Posted by James Brown in My Vistage Blog
When I was a young and impressionable summer intern for DuPont I had a lot of good mentors. I learned a great deal from them, but learned a lesson from someone I didn’t know that stays with me today. During this particular summer it seemed to rain every day right at the end of the workday. Not a light sprinkling, but a downpour of rain. The strength of the rain was such that employees, even those with umbrellas, would all huddle under a large awning waiting on the rain to die down.
As one of those waiting, I observed a guy on several occasions as he would say, “excuse me, pardon me, coming through” and make his way through the group and calmly walk to his car through the torrent of rain, with no umbrella, no coat, no hat with all us watching from under the awning. Yes, he got wet, but he didn’t wait for an indeterminate amount of time trying not to get wet.
Of all the things we may face in life, getting wet is on the low end of the impact list.
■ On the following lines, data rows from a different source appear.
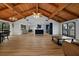 Expansive living space with wood floors, exposed beam ceiling, and natural light at 18 Pebble Beach Road, Rotonda West, FL 33947
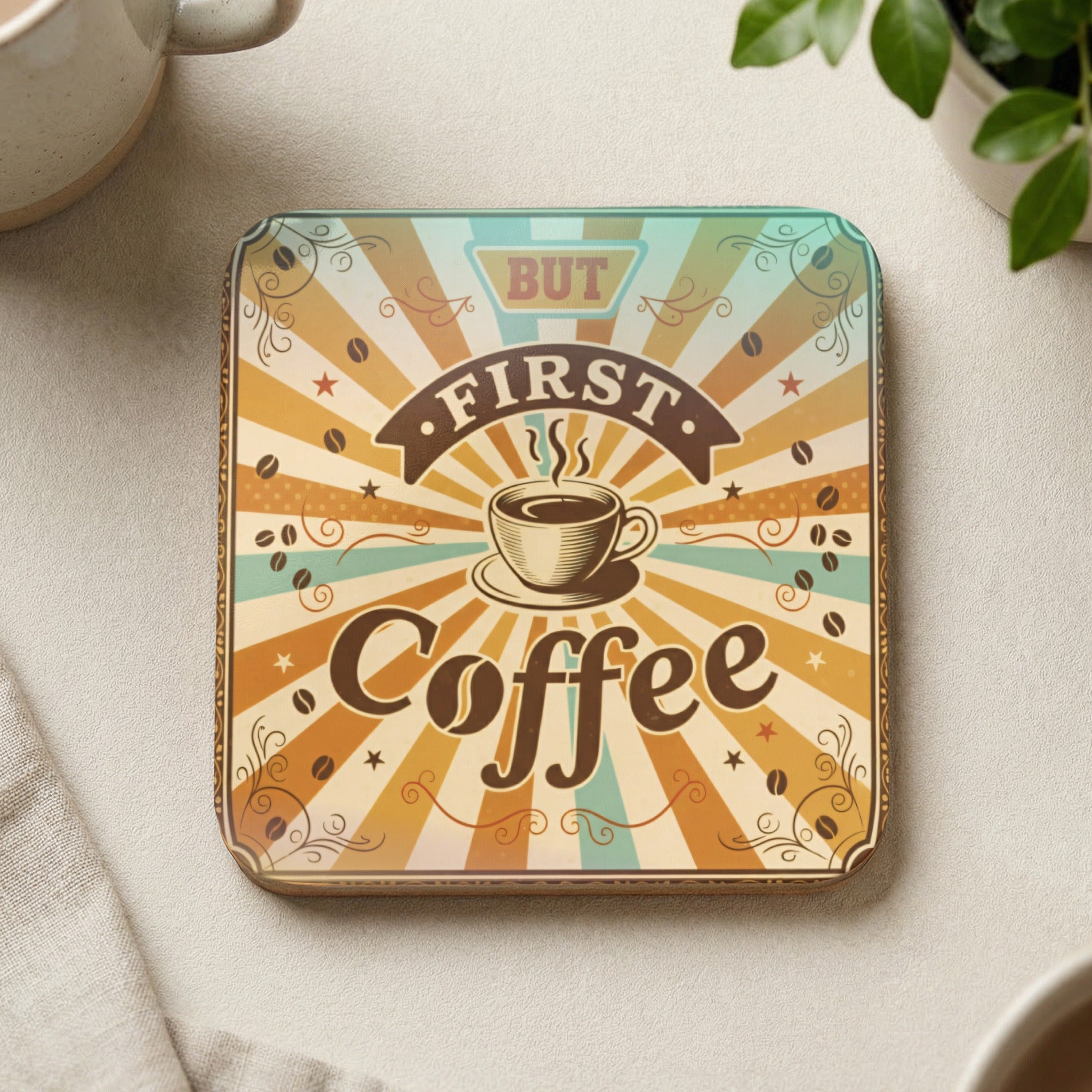 Square coaster with "But First Coffee" text and sunburst design.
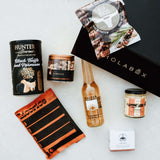 Collection of gourmet food items and a black box labeled 'HOLABOX' on a light gray background.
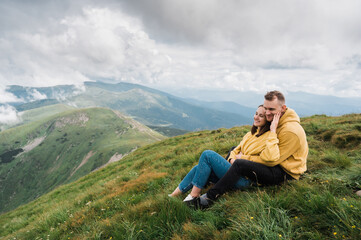 Naklejka na ściany i meble Happy couple in love sit on the top of a mountain and sensual hugging enjoying with a scenic nature views around them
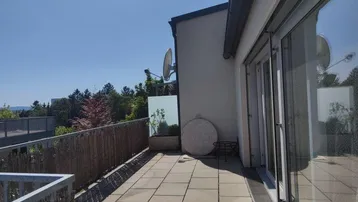 Geräumige Terrasse mit Fliesenboden und Blick ins Grüne unter strahlend blauem Himmel.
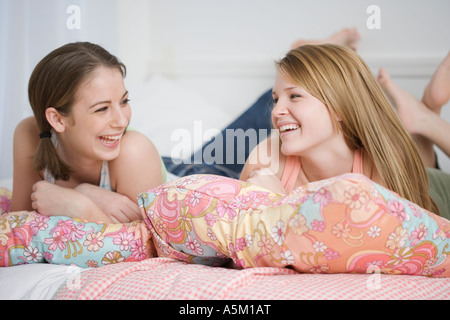 Mädchen im Teenageralter lachend auf Bett Stockfoto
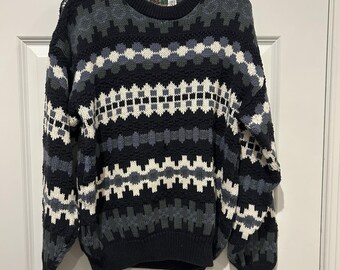 May include: A long-sleeve crew neck sweater featuring a repeating geometric pattern in shades of black, charcoal gray, light gray, and off-white. The knit garment has a ribbed collar, cuffs, and hem, with a visible brand label at the inner neckline.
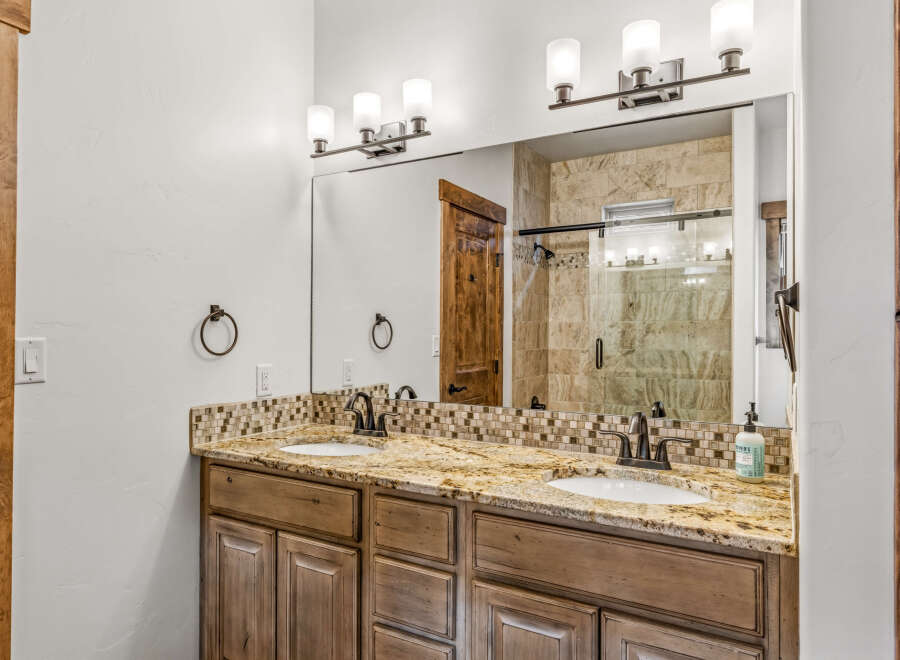 This luxurious bathroom features a stunning granite countertop with dual sinks, perfect for a couple.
Even though being wet may be uncomfortable, we do not melt and we eventually dry. Yet rain is something that is viewed with enough disdain that we often wait for it to pass. There are obstacles and inconveniences, with rain being just an inconvenience in most cases, but it was an obstacle to those of us under the awning.
It is very easy for people to treat an inconvenience like it is an obstacle.
There is an endless list of circumstances that can cause people to wait and not take action because it inconveniences them in some way. If you are leading people, you will often find when presented with an inconvenience they will wait before taking action. Part of the challenge of being a leader/project manager is just getting people started, getting the work kicked off, because there are always inconveniences that people will treat as an obstacle and then use it as an excuse not to get started.
It is good management practice to have a list of constraints that prevent a major task or work activity from getting started.
You then must assertively “work” this constraint list by eliminating the constraints and always following up to ensure people have nothing prohibiting them from getting started. Additionally, understanding the constraints to getting work started can prevent people from starting before they should and avoid the risks and damage that may cause. In the absence of an actively managed constraint list expect to get a variety of excuses as to why they are waiting to get started.
Often projects are late on deliverables not because the work took longer, but because we started late and we started late because of an inconvenience, not a true obstacle.
Sometimes the best course of action may be to wait, but in a lot of circumstances people wait unnecessarily. Inconvenience takes us out of our comfort zone and unfortunately that is where success lies. Success is almost always out of our comfort zone. The next time you encounter a downpour (without lightning) walk right out into it, the rain will be cold, it will make you uncomfortable but you will not melt and neither will the people you lead along with you into that downpour.